WEC世界耐久選手権第2戦スパ-フランコルシャンは4日、6時間の決勝レースが行われ、アンドレ・ロッテラー/ブノワ・トレルイエ/マルセル・ファスラー組1号車アウディR18 e-トロン・クワトロが優勝。アウディ勢が表彰台を独占する結果となった。
快晴に恵まれたWEC第2戦スパの決勝レース。6時間というレース距離ながら、スタートから激しく順位が入れ替わる。スタート直後、アンドレ・ロッテラー駆る1号車アウディR18 e-トロン・クワトロが軽くコースオフ。その間に2号車アウディが先頭に立ち、7号車トヨタTS030ハイブリッドが2番手へ。序盤は2号車がリードを広げ、その後方で7号車と1号車がバトルを展開。1号車が前に出て、2号車を追っていく。

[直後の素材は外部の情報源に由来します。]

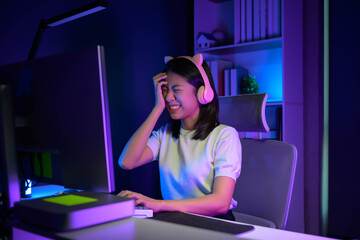 Young Asian gamer girl feeling upset after lose the online games.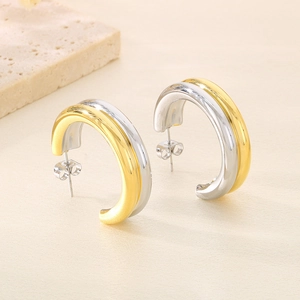 Détail des boucles d'oreilles bicolores en C sur pierre avec fond beige épuré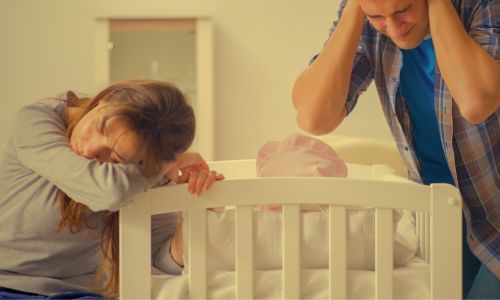 stressed parents with new baby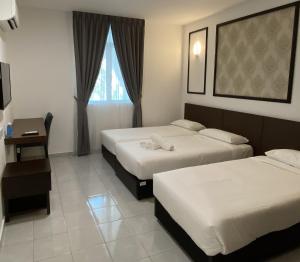 Kampong MortenCapital O 90756 Cara Hulu Hotel的酒店客房设有两张床和窗户。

ラップダウンが発生してくると上位の間隔は少しずつ縮まり始め、15周目に1号車が2号車をオーバーテイク。1号車、2号車とアウディが続き、7号車トヨタが3番手に続く展開となった。その中で、2番手を走る2号車は、18周を終えて最初のピットインを実施。このレースではアウディ勢がトヨタよりも短いスティントでピットをこなすことになり、ペースとしては、トヨタ勢にも勝機が見える序盤戦となった。
スタートから1時間を過ぎた直後、オー・ルージュでアントニオ・ピッツォニアがドライブしていたLMP2クラスの25号車オレカ・ニッサンが、トラブルが発生したかスピン、激しくバリアにクラッシュしたためセーフティカーが導入される。この時点で1号車アウディが首位、2号車アウディ、7号車トヨタ、8号車トヨタと続く展開となった。
しかし、1号車はSC明け直後、タイヤプレッシャーに異常を抱え緊急ピットインを実施。その後レースは燃費とタイヤ交換の周期で優位に立った7号車トヨタ、そして2号車、1号車の争いになっていく。レース中盤、7号車が少しずつリードを築き始めた。
スタートを務めたラピエールから中嶋一貴に交代し、優勝をうかがうペースを見せ始めつつあった7号車トヨタだったが、スタートから3時間40分というところで、リヤのブレーキ温度の警告灯が点灯してしまい、緊急ピットイン。ハイブリッド回生をリヤブレーキで行うが、そのワイヤーハーネスにトラブルが出たようで、ガレージインしてしまい、このトラブルで7号車は99周でリタイアを喫してしまった。
これでレースは1号車アウディ、2号車アウディの争いとなるが、終盤ロッテラーが快走。2号車との間にジワジワと差をつけ、開幕戦の借りを返す勝利を収めた。2位は2号車アウディが入り、3位は3号車アウディと8号車トヨタが争っていたものの、3号車が表彰台を獲得。アウディR18 e-トロン・クワトロがゼッケン順に表彰台を独占した。
4位は8号車トヨタとなり、5位にはLMP1のプライベーター最上位、レベリオン・レーシングの12号車ローラ・トヨタが入った。LMP2クラスは、序盤はOAKレーシングの24号車モーガン・ニッサンがレースをリード。ポールスタートの49号車オレカ・ニッサンと激しい争いを展開していく。2台のバトルは終盤まで続き、35号車ザイテック・ニッサンを加え同一周回で争う展開となったが、49号車が逃げ切り優勝を飾った。
井原慶子が乗り込んだガルフレーシング・ミドルイーストのローラB12/80・ニッサンは、井原が乗り込む前にトラブルが発生、合計12回のピットストップを強いられ、総合29位という順位になっている。
LM-GTEプロクラスは、序盤から3メーカーのワークスマシンによる激しいレースが展開されていくが、混戦の中で小林可夢偉/トニ・バイランダー組71号車フェラーリ458がレースをリード。51号車フェラーリが2番手に続くも、2台はポジションを入れ替え、51号車がレースをリードしていく。
途中、セーフティカーランを挟む段階で、3番手〜4番手につけていたアストンマーチン勢はピットインのタイミングを逸し、フェラーリ勢との差がついてしまうことに。さらに、首位の51号車フェラーリはペナルティを喫し、バイランダーから交代した小林可夢偉駆る71号車がトップを快走した。
しかし、最後にトップでチェッカーを受けたのは、ハイペースで遅れを挽回したジャンカルロ・フィジケラ/ジャンマリア・ブルーニ組51号車フェラーリ。98号車アストンマーチンが2位、可夢偉組71号車は3位となった。